3) Design for business capabilities

  • Break app into biz capabilities (search, reco, uploads)
  • Tempting to design around tech layers. don’t
  • treat each biz capability as a team

Teams

  • API facades can unblock teams. Web Team owns an API facade that proxies requests from the browser to serve the internal services (Sinatra app).
  • Cute: BFFs - backend-for-frontend
  • Web team: frontend code, API facade
  • Media team: upload service, watermarking
  • search team: search infrastructure
  • Mobile team: mobile apps, mobile API facade
  • Platform: everything else incl release engineering
  • How to spread institutional knowledge? Swap developers.

Deploying microservices with Docker, event sourcing, CQRS

@crichardson, http://microservices.io/

  • Using scala, functional immudatable domain models, microservices, event sourcing, CQRS and Docker

Why build event-driven microservices?

  • Traditional architecture: ACID+WAR-bundled monolith
  • Problem with monolith:
    • intimidates developers
    • infrequent deployments
    • overloads IDE
    • obstacle to scaling development
    • modules have different dependencies
    • long term commitment to architecture stack
  • Apply functional decomposition
  • Problem with RDBMS
    • Scalability
    • distribution
    • schema updates
    • O/R impedance mismatch
    • handling semi-structured data
  • Microservices = distributed data management
    • very painful, don’t try to do 2-phased commit
  • NoSQL has no ACID guarantees, limited transactions, limited querying capabilities

Event-based architecture to the rescue

  • Microservices publish events when state changes
  • Microservices subscribe to events
  • for this to work, you have to atomically publish an event when state changes
  • How to reliably generate events?
    • db triggers?
    • app code?
  • How to atomically update the datastore and publish events?
    • use two-phased commit

Event sourcing

  • For each aggregate/entity:
    • identify all the state-changing domain events
    • define event classes
  • That way you can reconstruct the current state of an entity by replaying events to get state.

  • Persisting events: use weak serialization, like JSON
  • For long-running aggregates, you can save a snapshot, discard old events.
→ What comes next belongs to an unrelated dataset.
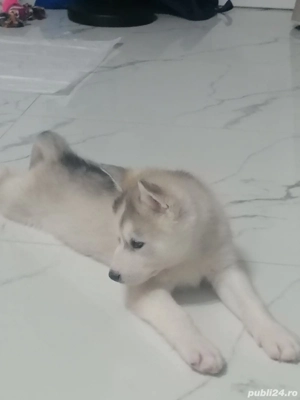 Pui Hushy Siberian, albcu gri - imagine 2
Biz benefits of Event Sourcing

  • reliable audit log
  • enables temporal queries
  • publishes events needed by logs/big data
  • solves data consistency issues. eventual consistency

Drawbacks of event sourcing

  • weird and unfamiliar
  • events = history of bad events
  • dupe events are tricky
  • app handles eventually consistent data
  • event store only supports PK-lookup of data

Microservices

  • Corresponds to a DDD aggregate
  • requests from outside world => commands
  • Processed by svc, generates events
  • Can also subscribe to events over the bus

CQRS

  • commands process aggregates
  • queries build views from events
    • view is a store
    • view updater service syncs the view with events
    • view query service generates the view from the view store

How to deal with eventually-consistent views?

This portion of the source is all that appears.